Pushkinist · Pushkinist · Jun 18, 2026 · Jun 18, 2026
diff --git a/CHANGELOG.md b/CHANGELOG.md
@@ -7,6 +7,81 @@ and this project adheres to [Semantic Versioning](https://semver.org/spec/v2.0.0
 
 ## [Unreleased]
 
+## [0.2.2] - 2026-06-18
+
+Multimodal release. Whisper transcription works end to end (decode correctness
++ long-form) behind a new model-agnostic `rmlx transcribe` CLI; the dense
+Gemma 4 12B `gemma4_unified` any-to-any architecture is now supported for image
+and audio input; the standard Gemma 4 family gains native audio input through
+the serve path; and the unified vision color-fidelity bug is fixed. Plus
+release-signing and CI-hardening housekeeping. No breaking changes.
+
+### Added
+
+- **`rmlx transcribe <audio> --model <snapshot> [--format vtt|srt|json|txt]`** —
+  model-agnostic audio transcription CLI, arch-dispatched on `config.json`
+  (Whisper today, a clean seam for future ASR). Decodes any container to 16 kHz
+  mono internally (enabled `symphonia` isomp4+aac, so `.m4a` works). The HTTP
+  endpoint and the CLI share one long-form engine. (#119)

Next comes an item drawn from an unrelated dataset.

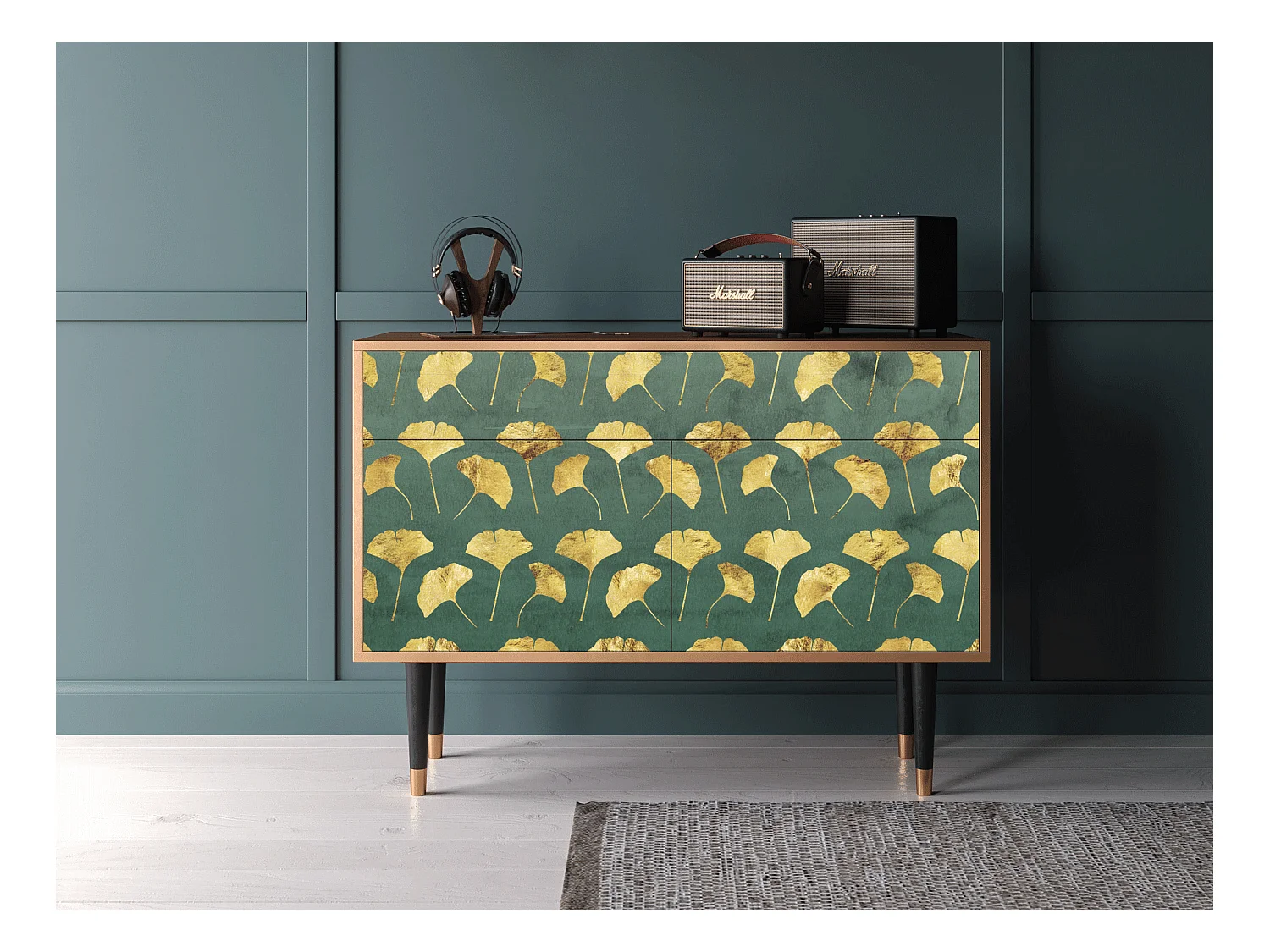 Buffet - 115x85x48 cm - BS4 - Gingko leaves, Noyer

+- **Gemma 4 12B unified (`gemma4_unified`) image + audio input.** The dense
+  any-to-any 12B has no SigLIP/Conformer tower — vision and audio are
+  early-fusion via soft tokens projected straight into the shared 48-layer LM.
+  Faithful encoder-free ports of `Gemma4UnifiedVisionEmbedder` (host patchify +
+  3×3 merge → `patch_ln1` → quantized `patch_dense` → factorized 2D pos-emb →
+  `embed_vision`) and `Gemma4UnifiedAudioFeatureExtractor` (raw 16 kHz waveform
+  → fixed 640-sample frames → `embed_audio`). Dispatched off `is_unified_arch`;
+  the standard e4b/26b/31b SigLIP path is unchanged. (#120)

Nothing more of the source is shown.